I found the little solar/crank type radios can't keep a smartphone charging with the tiny solar panel, and I don't feel like cranking for every so I use a lithium-ion charger.  (it's important to use a li-ion charger, not a regular one as the good ones have charging circuits made for these types of batteries)  I use this one: http://www.sbflashlights.com/Xtar-Lights/Xtar-WP2-II-Li-Ion-Charger-p136.html

So basically I have a stash of "retired" batteries that still hold a good charge months later, ready for action, and my batteries are free:





I use them to keep my smartphone and ipad charged (mostly for entertainment I admit) during power outages, but they work well for any small electronics:


----------



## jharkin (Sep 4, 2013)

woodgeek said:


> For a couple hundred bucks you can get a 40-60W panel, a deep discharge battery and a controller, and have ~1000 Wh of 12V (or 120V with a little inverter) whenever you want, e.g. during a short outage or when the genny is shut down.  Plenty for charging portable electronics, small batteries, etc.  I did this for fun, and run the 12V into the house to a phone 'charging station'.
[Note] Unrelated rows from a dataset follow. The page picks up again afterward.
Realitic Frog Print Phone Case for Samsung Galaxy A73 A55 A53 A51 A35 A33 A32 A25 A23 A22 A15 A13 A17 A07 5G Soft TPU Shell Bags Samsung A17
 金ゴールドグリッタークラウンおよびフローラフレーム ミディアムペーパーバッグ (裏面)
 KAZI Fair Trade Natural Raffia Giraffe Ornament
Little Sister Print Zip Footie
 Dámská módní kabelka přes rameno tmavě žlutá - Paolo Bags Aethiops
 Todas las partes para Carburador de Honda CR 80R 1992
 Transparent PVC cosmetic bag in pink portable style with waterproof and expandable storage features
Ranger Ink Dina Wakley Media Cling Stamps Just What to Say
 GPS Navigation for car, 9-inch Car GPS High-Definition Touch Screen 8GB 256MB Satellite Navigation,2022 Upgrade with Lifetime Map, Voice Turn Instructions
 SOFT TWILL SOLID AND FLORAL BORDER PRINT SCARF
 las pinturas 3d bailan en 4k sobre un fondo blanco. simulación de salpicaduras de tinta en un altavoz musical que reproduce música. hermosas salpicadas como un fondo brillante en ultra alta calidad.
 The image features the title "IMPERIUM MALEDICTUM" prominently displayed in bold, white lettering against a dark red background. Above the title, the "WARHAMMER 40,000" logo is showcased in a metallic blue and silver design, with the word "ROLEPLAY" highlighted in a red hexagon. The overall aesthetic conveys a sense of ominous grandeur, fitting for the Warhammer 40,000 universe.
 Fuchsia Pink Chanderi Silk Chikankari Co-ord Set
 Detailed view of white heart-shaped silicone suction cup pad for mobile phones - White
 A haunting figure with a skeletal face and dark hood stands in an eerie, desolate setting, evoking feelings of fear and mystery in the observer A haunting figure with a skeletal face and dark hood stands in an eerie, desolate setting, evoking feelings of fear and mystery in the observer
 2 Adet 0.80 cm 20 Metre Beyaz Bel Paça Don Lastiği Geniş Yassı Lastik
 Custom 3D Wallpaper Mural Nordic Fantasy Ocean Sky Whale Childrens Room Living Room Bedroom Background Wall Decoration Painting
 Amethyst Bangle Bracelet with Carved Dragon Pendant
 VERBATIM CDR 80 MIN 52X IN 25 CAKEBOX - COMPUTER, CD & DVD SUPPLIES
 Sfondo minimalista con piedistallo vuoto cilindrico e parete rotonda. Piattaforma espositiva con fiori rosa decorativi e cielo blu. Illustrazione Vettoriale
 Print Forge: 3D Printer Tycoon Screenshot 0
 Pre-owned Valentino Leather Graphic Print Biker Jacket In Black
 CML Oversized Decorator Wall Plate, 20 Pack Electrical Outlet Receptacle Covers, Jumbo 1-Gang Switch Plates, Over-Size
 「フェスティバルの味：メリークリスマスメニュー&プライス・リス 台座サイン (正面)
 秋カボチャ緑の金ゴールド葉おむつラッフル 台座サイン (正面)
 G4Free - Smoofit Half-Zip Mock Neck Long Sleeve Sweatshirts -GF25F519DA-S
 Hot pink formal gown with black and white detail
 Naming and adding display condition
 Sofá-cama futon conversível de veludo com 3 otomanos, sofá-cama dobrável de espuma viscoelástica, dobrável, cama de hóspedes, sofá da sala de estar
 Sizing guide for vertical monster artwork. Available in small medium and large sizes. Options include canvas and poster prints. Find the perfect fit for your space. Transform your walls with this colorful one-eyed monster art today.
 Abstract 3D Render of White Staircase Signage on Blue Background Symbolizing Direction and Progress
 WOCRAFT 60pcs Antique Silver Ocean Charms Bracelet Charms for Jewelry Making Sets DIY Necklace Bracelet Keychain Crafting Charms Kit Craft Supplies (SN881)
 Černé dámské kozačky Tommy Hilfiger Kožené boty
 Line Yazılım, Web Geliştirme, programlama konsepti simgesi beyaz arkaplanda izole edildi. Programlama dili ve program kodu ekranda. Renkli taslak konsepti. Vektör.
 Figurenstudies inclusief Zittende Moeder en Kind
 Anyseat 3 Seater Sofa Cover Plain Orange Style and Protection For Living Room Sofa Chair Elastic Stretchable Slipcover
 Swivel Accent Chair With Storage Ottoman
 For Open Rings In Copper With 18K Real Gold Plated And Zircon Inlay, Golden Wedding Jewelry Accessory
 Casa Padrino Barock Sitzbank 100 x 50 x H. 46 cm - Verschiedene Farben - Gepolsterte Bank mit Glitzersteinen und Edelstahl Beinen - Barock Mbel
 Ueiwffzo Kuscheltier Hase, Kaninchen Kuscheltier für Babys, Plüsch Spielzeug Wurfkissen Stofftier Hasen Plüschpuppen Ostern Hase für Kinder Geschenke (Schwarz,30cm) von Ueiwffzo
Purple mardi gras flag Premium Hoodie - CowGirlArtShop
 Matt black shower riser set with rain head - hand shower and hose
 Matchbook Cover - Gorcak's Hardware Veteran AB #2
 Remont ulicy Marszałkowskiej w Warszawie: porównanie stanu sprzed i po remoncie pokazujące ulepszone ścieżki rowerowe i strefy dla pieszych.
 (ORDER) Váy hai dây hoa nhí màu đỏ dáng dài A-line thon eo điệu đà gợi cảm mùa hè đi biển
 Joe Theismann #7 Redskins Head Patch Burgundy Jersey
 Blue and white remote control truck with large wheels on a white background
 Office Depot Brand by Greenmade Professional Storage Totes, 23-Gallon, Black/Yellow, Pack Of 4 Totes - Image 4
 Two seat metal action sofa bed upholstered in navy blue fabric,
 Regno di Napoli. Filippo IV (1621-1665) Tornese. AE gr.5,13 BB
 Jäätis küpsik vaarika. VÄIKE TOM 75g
Woodgeek, do you have good sources for this stuff that cheap?  

Last year I was thinking of doing the same as a "for fun project" (for me would also do duty as a field power station for my RC hobby) but I found it hard to find quality panels around 50w for much under $200... i.e. not the harbor freight variety...  Pricing out a system and using the 1W per Ah rule of thumb using a typical group 27 deep cycle battery of about 100Ah and a 100w panel plus an inexpensive charge controller like a SunSaver I was looking at over $500 and dropped the idea (prices from Arizona Wind-Sun).


----------



## woodgeek (Sep 4, 2013)

I went with e-bay.  Got no name (chinese) panels, prices have been ~$2/W with free shipping, if you search around for a while.

Sellers change often, a current example is:

http://www.ebay.com/itm/30W-30-Watt...560?pt=LH_DefaultDomain_0&hash=item3f22d4c6f8

I got a 20W first, and then decided to upgrade to a 50W. (not the same brand as the link, but same idea).  Keep in mind that with a cheap controller and cycle losses in a the battery, your real power will be 50-60% of panel nominal.

Prices on small panels elsewhere (NAWS, Amazon, etc) are terrible!  Fool and their money I guess.  The ebay cheapies have all been flawless, ziptied to my gutters for years.  Wouldn't put 50 of them on my roof, but for a fun project, perfect.


----------



## Jaugust124 (Sep 16, 2013)

Highly recommend the C. Crane Solar Observer.  Hand crank, battery powered, solar powered, even electric with optional ac adapter. Has NOAA weather channels, a built in flashlight, and will charge some phones.  Costs about $50.

http://www.ccrane.com/radios/wind-u...rver-wind-up-emergency-radio.aspx#prodDetails


----------



## Hearth Mistress (Sep 16, 2013)

This is "low tech" but if you have a kid around to crank so you don't have to, it's cheap and serves it purpose.  We relied on a few after Sandy and the gas for the generators ran out, we couldn't get out to get more and ran out of cars to siphon. The flashlight was surprisingly bright, blinding bright. Granted we don't have kids so we had to crank, it takes awhile but works, it really works.

It did charge my blackberry but it takes a lot of cranking to get enough juice to charge.  Still better than nothing and you are not relying on gas, batteries or anything else, just your ability to crank the sucker.

They have one on sale for $6 but it won't charge a smart phone, the smart phone on comes with the adapter to use your car charger in it, worth every penny of the $17 to me 

http://beprepared.com/wavelength-emergency-radio-charger-flashlight.html


----------